What kind of story is Justin Bieber trying to tell? There’s something very 19th century about him; for all his synthesised backing tracks he seems to have stepped right out of the dawning of modernity. His pseudo-hedonism isn’t a product of teenage rebellion and surging narcissism but a total and all-encompassing boredom. At the age of nineteen he’s been a global phenomenon for six years; he knows how little this world has to offer him. He’s a tubercular nihilist, a hero of Charles Baudelaire or Ivan Turgenev. Like Bazarov in Fathers and Sons he seems weary of his own pleasures: the blood circulates, the brain works and even desires something as well… What sheer ugliness! What sheer nonsense! The narrative he’s so  diligently crafting has as its purpose the aestheticisation of his omnicidal ennui. Justin Bieber has a hunger, but it’s not a hunger for life; rather the hunger of a life beyond its bounds. He’s the first pop star to stand on the summit of his fame and bellow: I want less! There is too much of everything, complains Chremylos in Aristophanes’ Plutus. Justin Bieber will set this right. What he wants isn’t more fame or more money or more fun: pointless, boring trifles for lesser men. He wants beauty, which is the most dangerous thing of all.

The story goes that Minos, king of Crete, faced a challenge to his rule, and asked the god Poseidon for a sign of his favour. In response, Poseidon sent a beautiful white bull out of the waves, such an exemplar of bovine perfection that the ancient writers often spend most of their account rhapsodising about its gloriousness. The proper thing would have been for Minos to have slaughtered the bull at once and carbonise its body in tribute to the god that gifted it to him. Instead he decided to keep it. Poseidon had his revenge: he had the king’s wife Pasiphae become so entranced by the beast that she actually fucked it; the result was the legendary Minotaur of Knossos. The moral of the story is clear: the true beauty of things lies in their destruction. Let them carry on for too long, and they’ll create monsters. I don’t know if Justin Bieber ever heard the story of King Minos, but he certainly seems to understand it.
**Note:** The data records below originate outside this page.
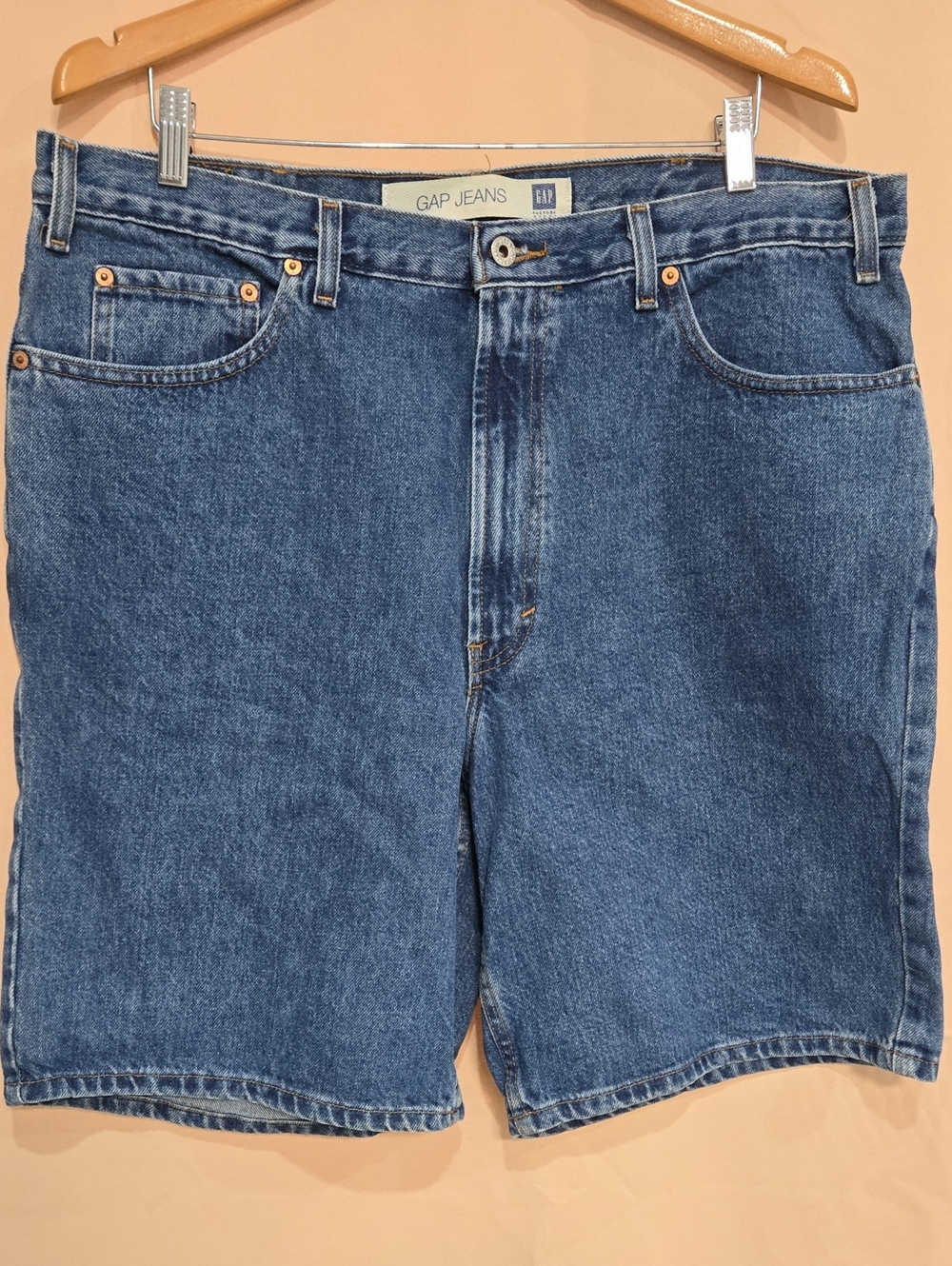 GAP Men's Mid-Blue Denim Jean Shorts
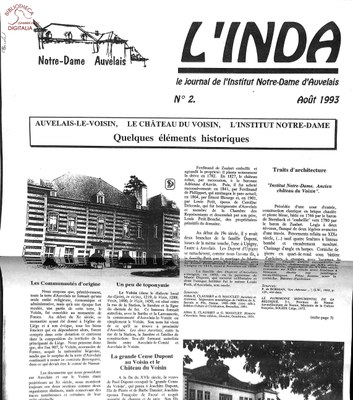 Auvelais : L'Institut Notre-Dame.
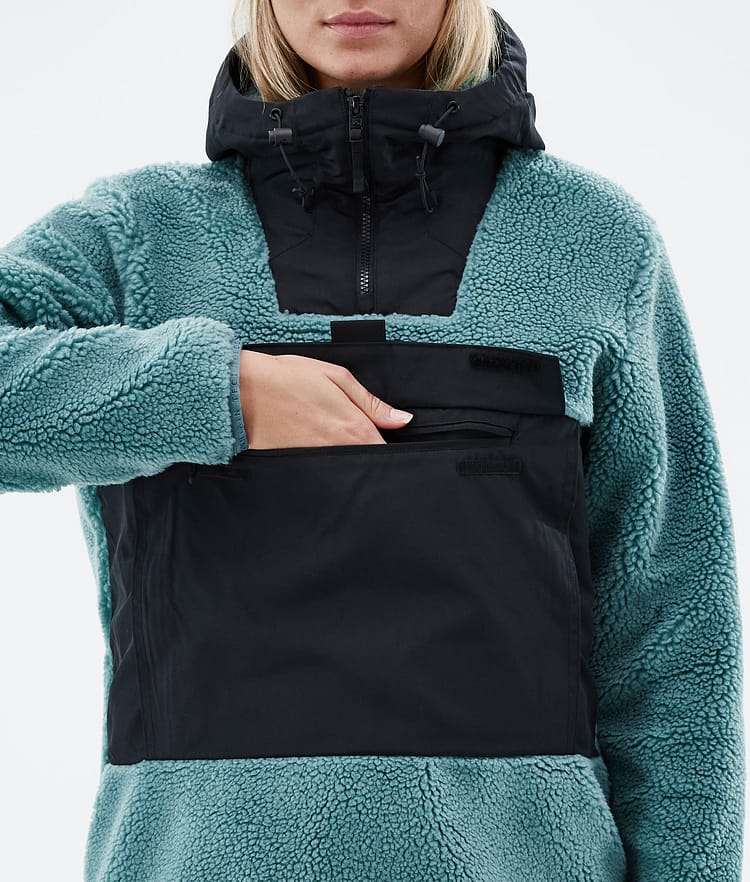 Montec Lima W 22 Fleece Hoodie Women Atlantic/Black, Image 8 of 10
Justin Bieber is, of course, a fascist. Like Yukio Mishima, he wants to turn his death into a work of art; unlike Mishima he has no Emperor to be his unwitting patron. All he has is himself, and his fans, and his boredom – his is a pure fascism, unattached to any political project. This is why I can’t help but admire him: he’s refined radical Evil into something weightless and infinitely potent. Fifty million people follow Justin Bieber on Twitter, a number that dwarfs the combined force of every military on the planet. This is the way the world ends: not with a bang or a whimper, but with a swaggering bassline that cracks the bedrock of the continents and a billowing autotuned vocal track that sends them plunging into the fires at the centre of the world.